The transaction will increase DDR's portfolio to 100 million square feet across 44 states, and it will give the REIT a presence in New York where it owns less than 100,000 square feet. While Benderson's assets generally mirror DDR's holdings in size, age and tenants, the rents are different. Benderson's small-store rents lag DDR's by some 16.5 percent, but DDR intends to increase the rents over time and to use its existing tenant base to fill out the properties. DDR also owns some larger mixed-use properties such as The Pike at Rainbow Harbor in Long Beach, Calif. (above).

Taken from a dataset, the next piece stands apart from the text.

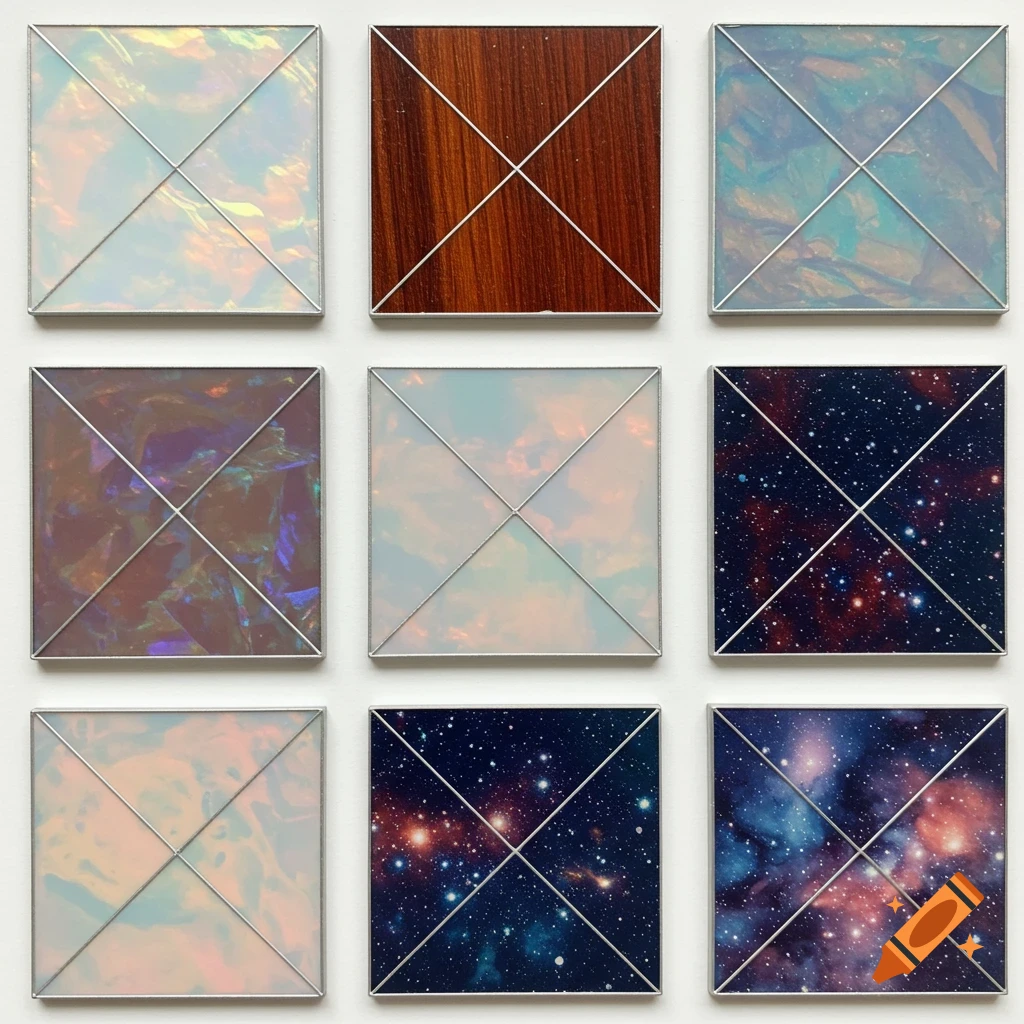A 3x3 grid of nine square tiles, each displaying a different pattern including iridescent, wood grain, abstract swirls, and detailed galaxy scenes.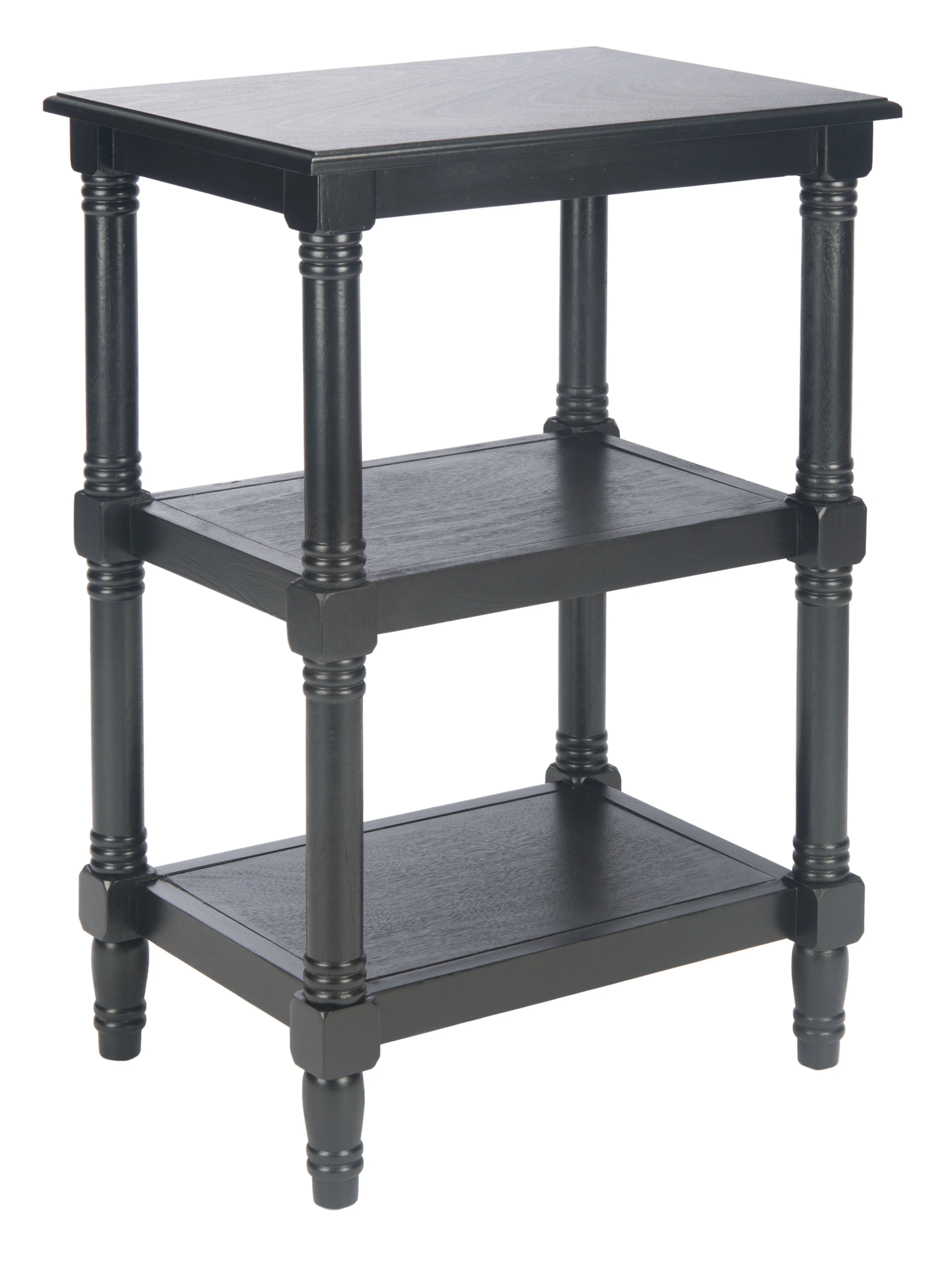 SAFAVIEH Cassie Amish Style Black Rectangle Wood End Table (19.8 in. W x 15 in. D x 30 in. H)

Ultimately, DDR will wholly own 60 percent to 70 percent of the Benderson properties. To help finance the deal, the company is considering combining 10 percent of the Benderson assets with some of its existing properties — for a total value of between $500 million to $750 million — to its joint venture with Australia-based Macquarie Bank Ltd.

Partnering Up

Plus, the REIT likely will sell 37 Benderson grocery-anchored centers to a different joint-venture buyer. “Our preferred form is actually a contribution or sale where we retain an interest in the assets,” says Scott Wolstein, chairman and CEO. “We think there is a significant opportunity for joint ventures on pools of assets from this portfolio.”

Analysts, however, think the price, which represents an 8 percent cap rate, is too high, especially when compared with DDR's acquisition of JDN Realty last year at a price that represented a 10 percent cap rate. Wolstein dismisses the concerns: He says the cap rate is in line with the market.